Guest author John Gentry is vice president of marketing and alliances at Virtual Instruments.
The tree in your front yard may be a lot like your data center. It has a lot of stories to tell, and if you cut it down, the circles in the stump may reveal periods of drought, stretches of good weather, an instance of insect infestation or scars from a fire. The total visibility could cover years of history. But you have to cut the tree down to see it all.
Similarly, your data center’s equipment and software can reveal clues about your company’s approach to IT. But getting that visibility into your IT environment is a lot harder than chopping down a tree (though the frustration could have you reaching for an ax).

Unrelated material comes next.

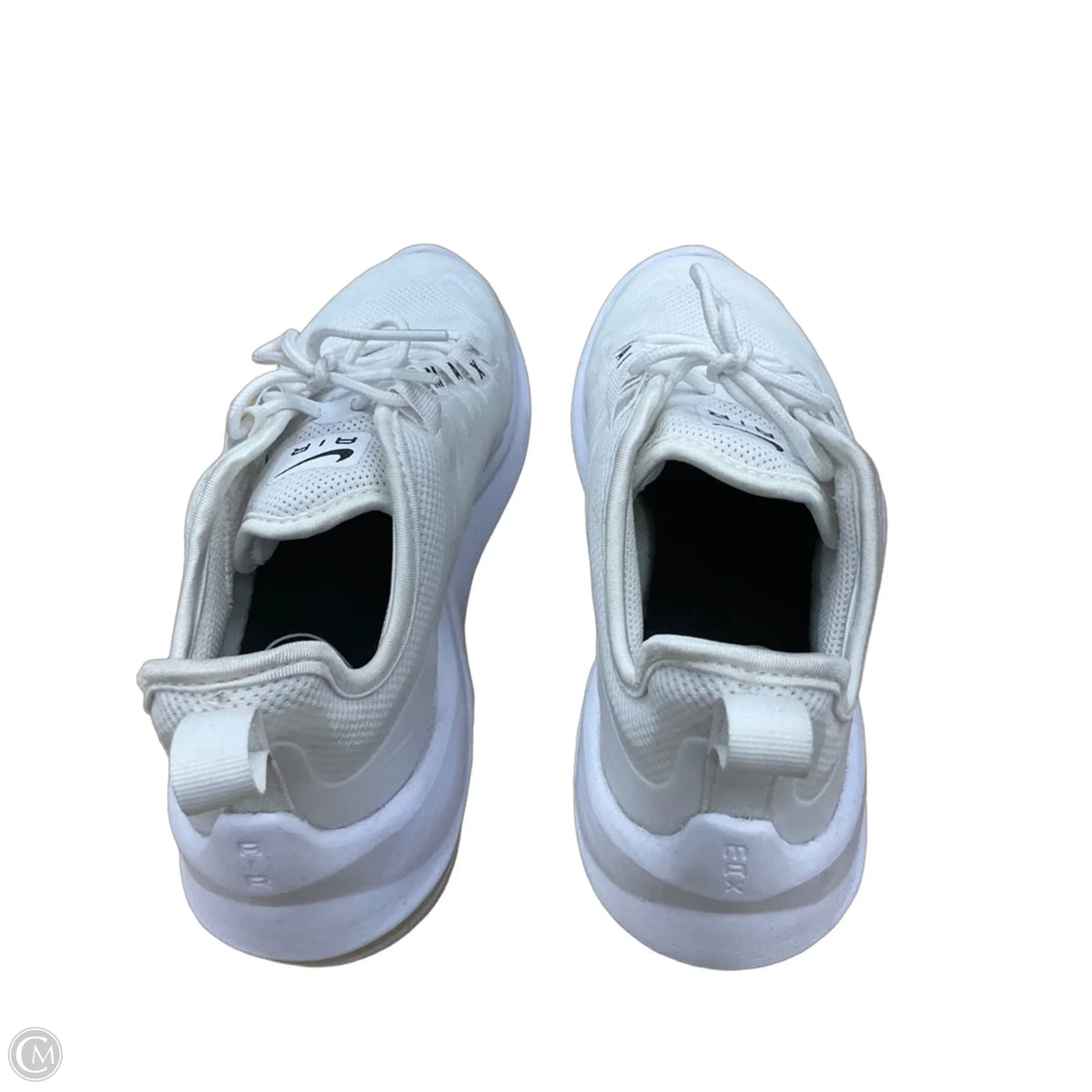 Shoes Athletic By Nike In White, Size: 7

Over time, as aging data centers reach toward the cloud, their infrastructure has only grown more complex. Old mainframes from the 1970s or 1980s may still chug along today. Other rings in the “trunk” of your data center could reveal the shift to client/server architecture in the ’90s, distributed computing a decade or so ago, and today’s virtualized, cloud-oriented solutions.

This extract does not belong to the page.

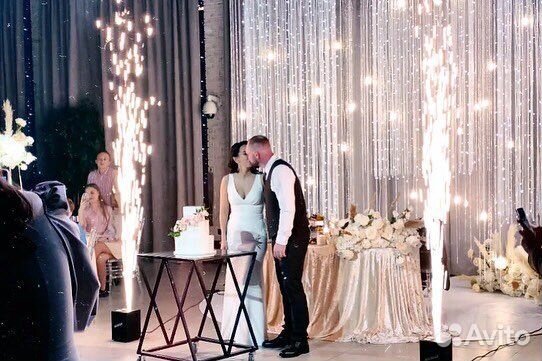 Аренда Холодный фонтан, искромет, спаркуляр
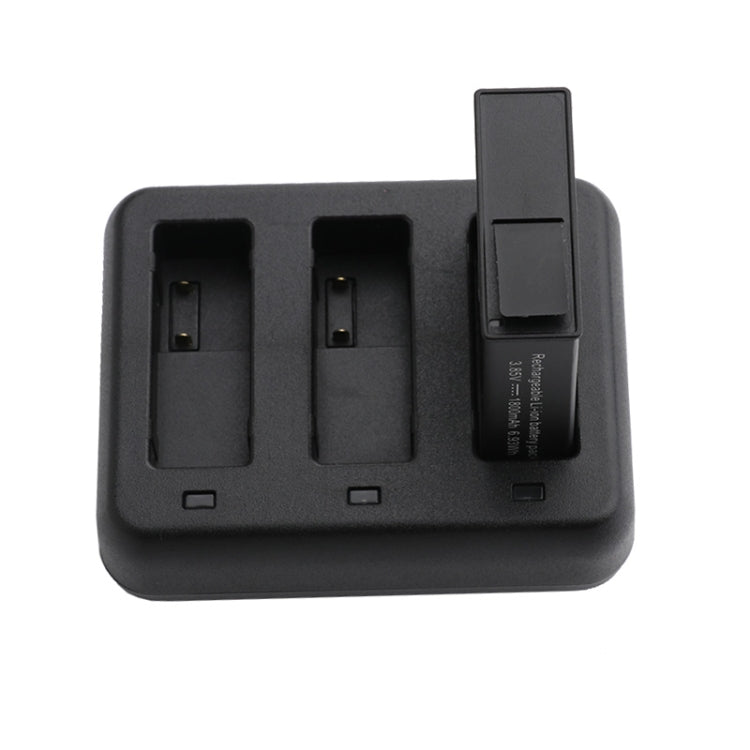 For DJI Osmo Action 4 / 3 Tri-Slot Batteries Charger  - Black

See also: “Mr. Windows” Bets Big On The Mesosphere Datacenter OS
Far from ancient history, all of those factors may still be alive in your organization, struggling to work together so modern customers can have the always-available, mobile-friendly experiences they expect. Unfortunately, this rising complexity, combined with stagnant budgets and staffing rates, can hamper the transparency necessary for healthy performance.
A Brief History Of Data Center Performance Visibility
The gap between a dynamic IT infrastructure and the ability to effectively manage it goes back as far as the mainframe, which was really the first version of the cloud. A shared system with information operations (IO) latency requirements and different workloads, the mainframe delivered phenomenal performance management because it was closed. But it was expensive and required deep technical expertise to maintain.

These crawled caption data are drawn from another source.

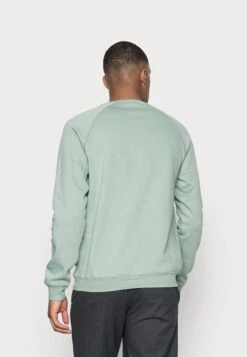 Pier One Crafted Goods Crew - Sweater - Green -mode 3ff449b11ad8469080de5eca24bc019f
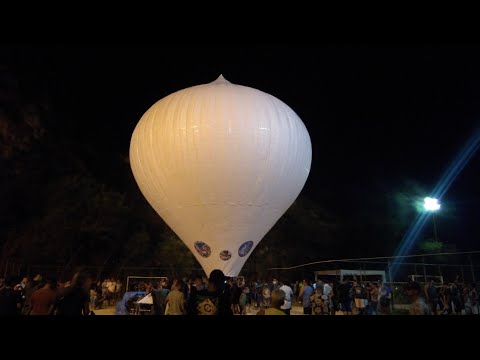 6m e 16m fogueteiro noturno brinquedo rio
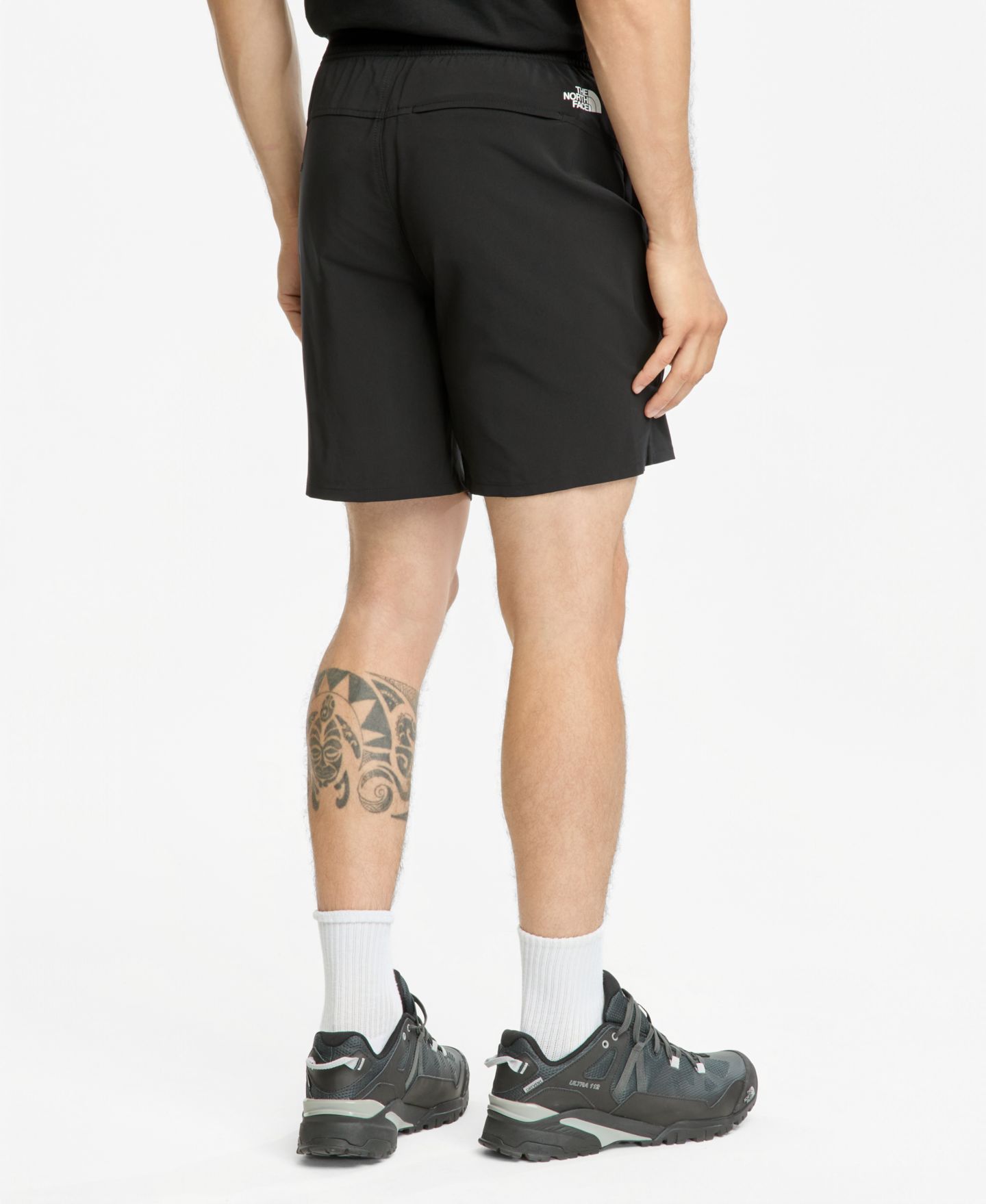 Мужские шорты The North Face Wander 2.0 Water-Repellent, цвет: Чёрный — фото 4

When the industry moved to client/server systems, we saw the first wave of IT democratization and a wave of performance tools in the shape of enterprise systems management (ESM). Another 10 years down the road, network performance management (NPM) became the tool of the day as data centers connected out to their customers and partners and had to operate interdependently.
Today, data centers are interconnected and virtualized all the way down the stack. But the business logic often exists deep within the layers of systems already deployed. ESM and NPM have been marginalized by a myriad of tools that deliver insight into one layer or another, and the comprehensive visibility gap has only widened with virtualization. The fact that most data centers are heterogeneous only exacerbates the problem, as staff struggle to juggle one vendor’s management tools alongside multiple others.
See also: Cloud, Schmoud—To Really Succeed, Web Companies Need Their Own Data Centers
The quest for faster, better, cheaper (or at least cost-effective) performance management raises plenty of questions. What types of silos are you monitoring? Applications? Servers? Networks? Something else? And what about downtime?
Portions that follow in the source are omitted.